→ **Aim of the task**
Only a slice of the listing below is wanted. Retype the lines from the one containing "Przytulny, zielony dom w zawadach" through the one containing "गढ़मुक्तेश्वर: पत्नी के", exactly, both ends included.

→ **Data provided**
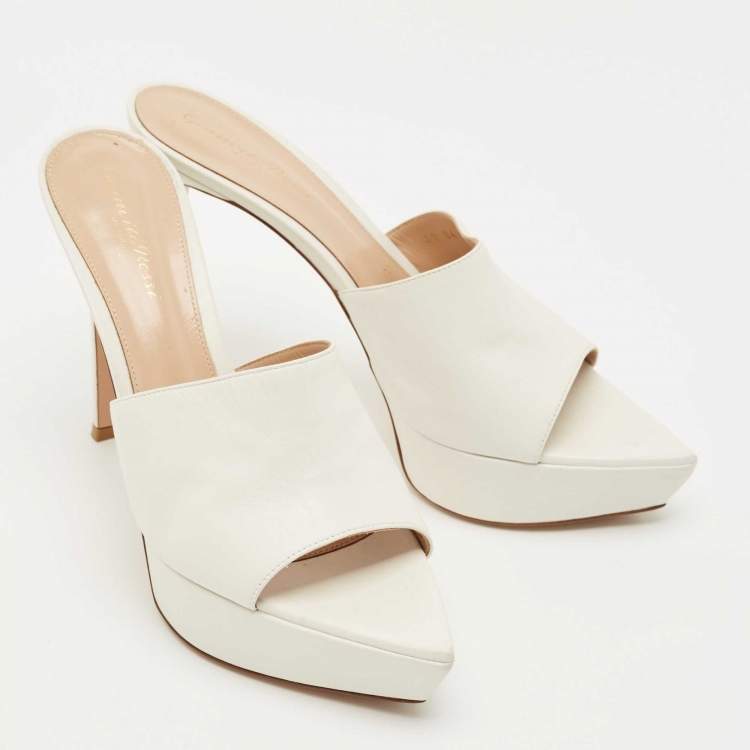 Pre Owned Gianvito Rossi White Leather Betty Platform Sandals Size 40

---

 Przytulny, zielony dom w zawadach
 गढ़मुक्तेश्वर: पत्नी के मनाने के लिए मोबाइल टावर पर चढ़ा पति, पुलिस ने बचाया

→ **Exercise output**
 Przytulny, zielony dom w zawadach
 गढ़मुक्तेश्वर: पत्नी के मनाने के लिए मोबाइल टावर पर चढ़ा पति, पुलिस ने बचाया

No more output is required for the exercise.